ЧГ: После нашей первой беседы вы сказали, что я мастер задавать вопросы, что очень любезно с вашей стороны. Так что позвольте сделать мне ещё одну подачу: из всех своих достижений чем вы гордитесь больше всего?

ЗБ: Наверное, приятнее всего мне думать о том, как закончилась холодная война – без кровопролития и с успехом; надеюсь, что в этом есть и моя заслуга. Я не утверждаю, что она закончилась благодаря мне, но я считаю, что в немалой степени способствовал такому исходу событий. То, что холодная война завершилась без некоего подобия Третьей мировой войны, это само по себе уже благословение; пожалуй, с исторической точки зрения это и есть самый важный факт, а не то, кто в ней победил. Так что я вспоминаю об этом с тёплым чувством.

Также я горжусь своими отношениями со студентами. Они никогда не были особенно тесными и тёплыми, потому что я по натуре не такой человек, но я старался показать лучшее, на что был способен. В каких-то случаях это получалось.

Пожалуй, к этому мало что можно добавить. Я не из тех, кто постоянно размышляет и вспоминает о себе. Я не оцениваю своё прошлое.
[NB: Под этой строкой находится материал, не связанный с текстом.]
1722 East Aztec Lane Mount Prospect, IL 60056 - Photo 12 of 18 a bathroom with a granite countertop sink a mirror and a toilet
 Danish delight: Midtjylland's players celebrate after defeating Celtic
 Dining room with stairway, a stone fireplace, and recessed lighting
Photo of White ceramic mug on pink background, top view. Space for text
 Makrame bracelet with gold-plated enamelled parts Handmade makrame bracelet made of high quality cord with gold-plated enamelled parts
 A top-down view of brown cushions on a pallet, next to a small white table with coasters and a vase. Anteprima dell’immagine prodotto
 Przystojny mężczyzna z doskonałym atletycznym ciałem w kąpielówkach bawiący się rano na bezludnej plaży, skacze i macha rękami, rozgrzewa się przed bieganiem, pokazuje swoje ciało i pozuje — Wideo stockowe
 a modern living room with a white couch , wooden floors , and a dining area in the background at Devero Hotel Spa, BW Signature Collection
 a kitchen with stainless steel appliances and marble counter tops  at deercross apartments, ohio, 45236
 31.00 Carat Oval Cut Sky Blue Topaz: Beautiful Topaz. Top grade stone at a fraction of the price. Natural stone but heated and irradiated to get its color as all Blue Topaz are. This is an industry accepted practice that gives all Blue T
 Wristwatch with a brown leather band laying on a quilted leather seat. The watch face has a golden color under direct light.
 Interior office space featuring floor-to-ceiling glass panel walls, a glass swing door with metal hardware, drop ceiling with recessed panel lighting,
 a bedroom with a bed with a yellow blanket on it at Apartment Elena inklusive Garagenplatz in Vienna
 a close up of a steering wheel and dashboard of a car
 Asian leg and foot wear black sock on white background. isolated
ЧГ: Мой последний вопрос касается вашего имени. В 1958 году, когда вы получили американское гражданство в Бостоне, у вас была возможность сменить имя и фамилию. Вы задумывались над этим?

ЗБ: Да, задумывался, но решил сохранить своё настоящее имя по двум причинам. Это был очень хороший для меня период, как в личном, так и в профессиональном плане. Я чувствовал уверенность в своём завтрашнем дне, и спросил себя – зачем менять имя? Я был также уверен в будущем Америки и в том, что любой человек может стать американцем, не забывая о своём этническом происхождении.

Это вскоре подтвердилось, когда я понемногу начал становиться известной персоной. Где-то в начале 1960-х, когда мне было ещё тридцать с небольшим лет, журнал «Ньюсуик» вдруг опубликовал статью обо мне, в которой говорилось о моём влиянии на внешнюю американскую политику. Под конец в ней утверждалось, что только в Америке человек, которого зовут «Збигнев Бжезинский», может громко заявить о себе, не меняя своего имени.